User experience data
- Generally, not everything is captured in the ticketing and tap-in or out data,
- The analyst suggests that this needs a ‘soft’ side too.
- Furthermore, Thevesh suggests that the minister has to sit with experts, design brief, but a high-impact survey on key points and survey users regularly.
- Why? It’s the core to supplement the electronically generated data.
- It’s data that is often forgotten in society.
- Anthony Loke has to consult the OKU community and appoint accessibility ‘ranger’s, one per station.
- Then, it has to be surveyed thoroughly.
- Thevesh thinks that this is the missing element in Malaysia’s public transport.
- Thevesh doesn’t know how much of this data progresses, but if not already implemented, sensors and monitors for predictive and preemptive maintenance should be installed quickly.

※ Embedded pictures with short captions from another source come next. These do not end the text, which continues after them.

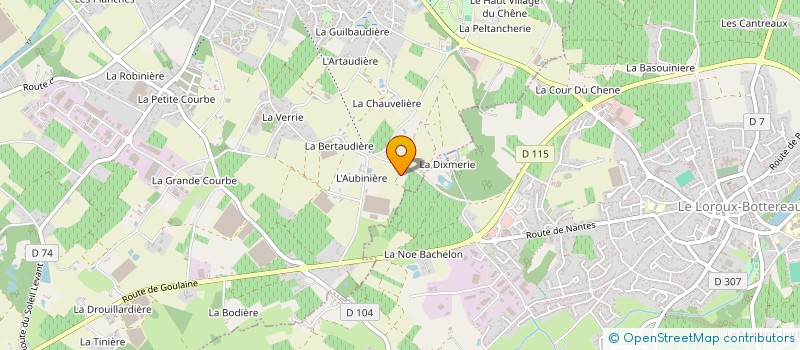 localisation de l'entreprise SODIFRUITS à SAINT-JULIEN-DE-CONCELLES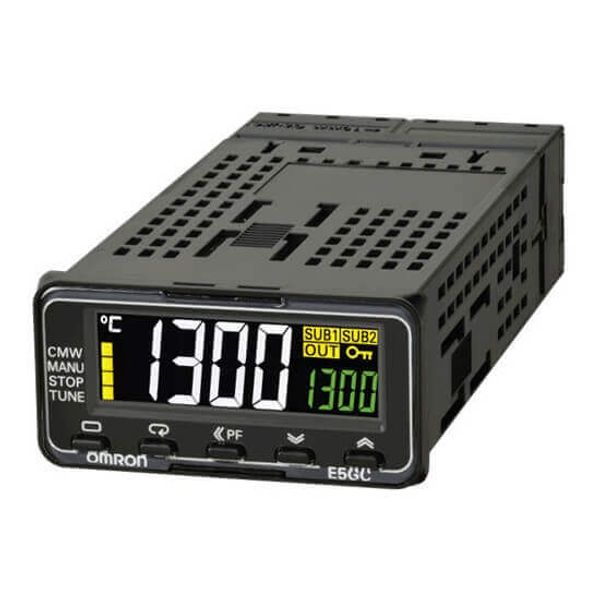 Temp. controller PRO,1/32 DIN (24x48mm), screwless terminals,1 AUX,1 x image 2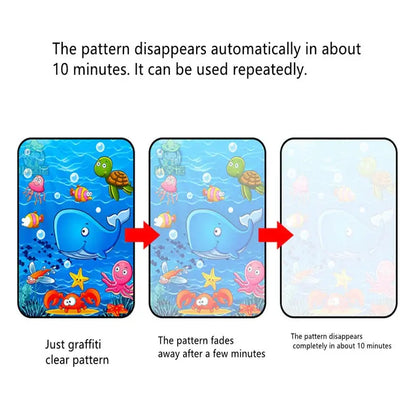 Montessori Sihirli Su Boyama Kitabı Montessor Atolyesi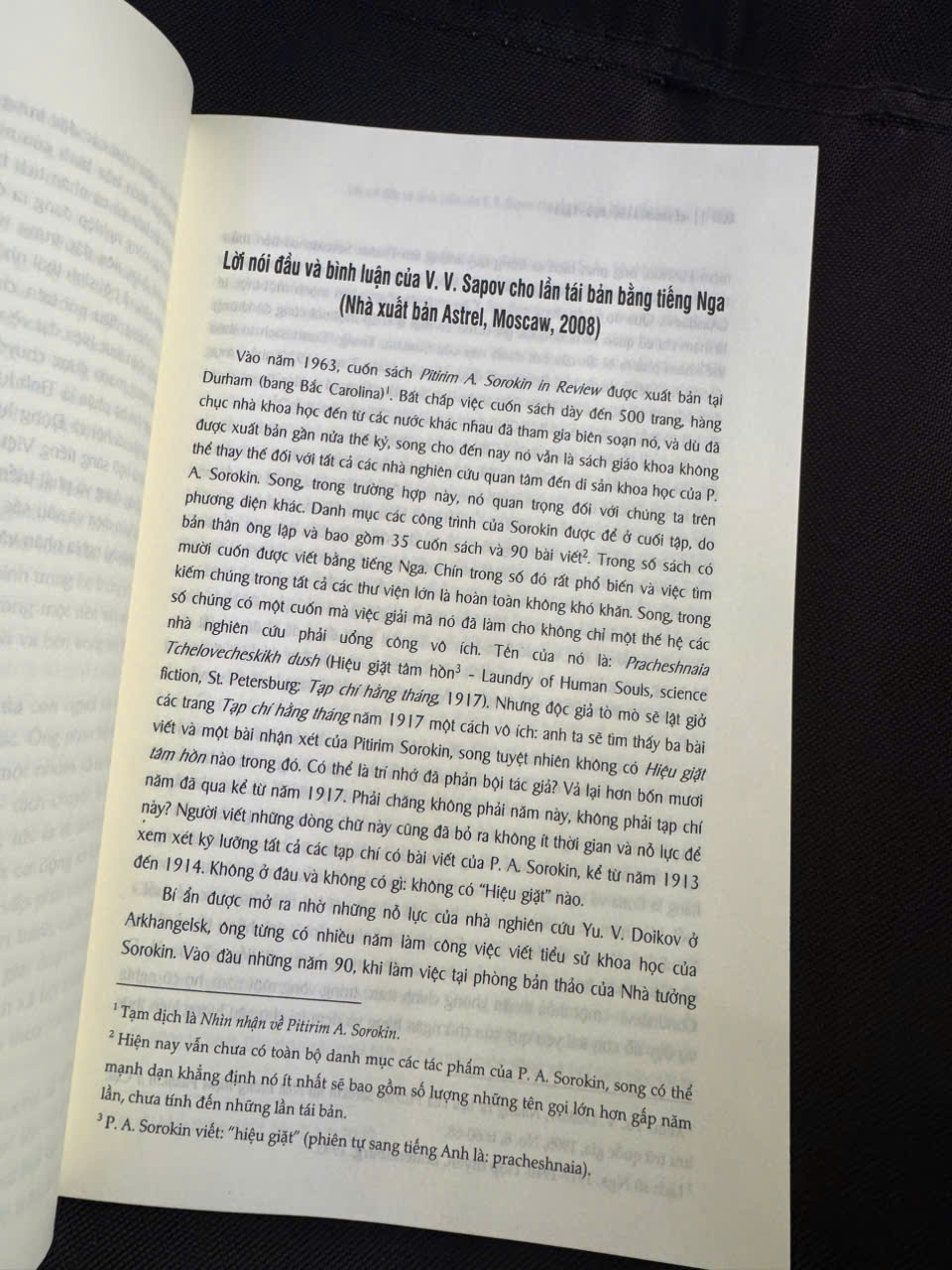 HỆ THỐNG XÃ HỘI HỌC – Tập 1 Phép Phân Tích Xã Hội - Pitirim Sorokin – Đỗ Minh Hợp dịch – NXB Tri Thức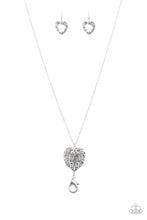 Carregar imagem no visualizador da galeria, Garden Lovers - Silver Lanyard Necklace Set
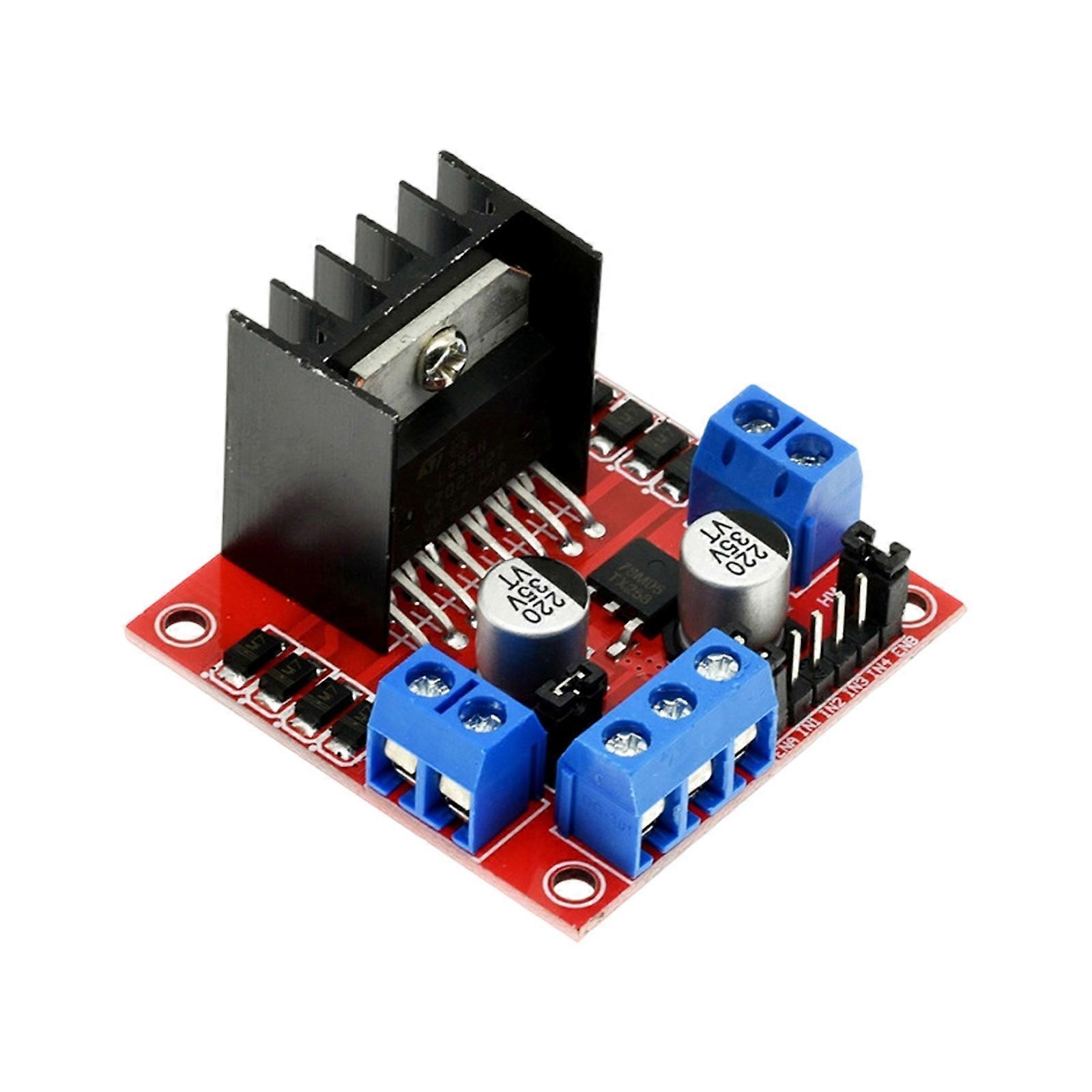 L298N Compatible Motor Driver Board Overheats Protections and Easy Interfaces for Microcontroller Projects Multicolor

- These short-term costs are saving money in the long run.
- Plus, regular public logging of upkeep work should be continued.
- The data is responsible for checking if trains are late. It’s monitored publicly.
- Next, check if schedules of different lines can be better synced to minimize bottlenecks.
- For example, to allow the KJ line sufficient time to walk to the Ampang line from Masjid Jamek.
- Thus, it’s to optimize anything within the current constraints.
We’re hoping that our public transport will undergo a better transformation in the future. Hence, the authorities involved should take immediate action to ensure the efficiency of its services.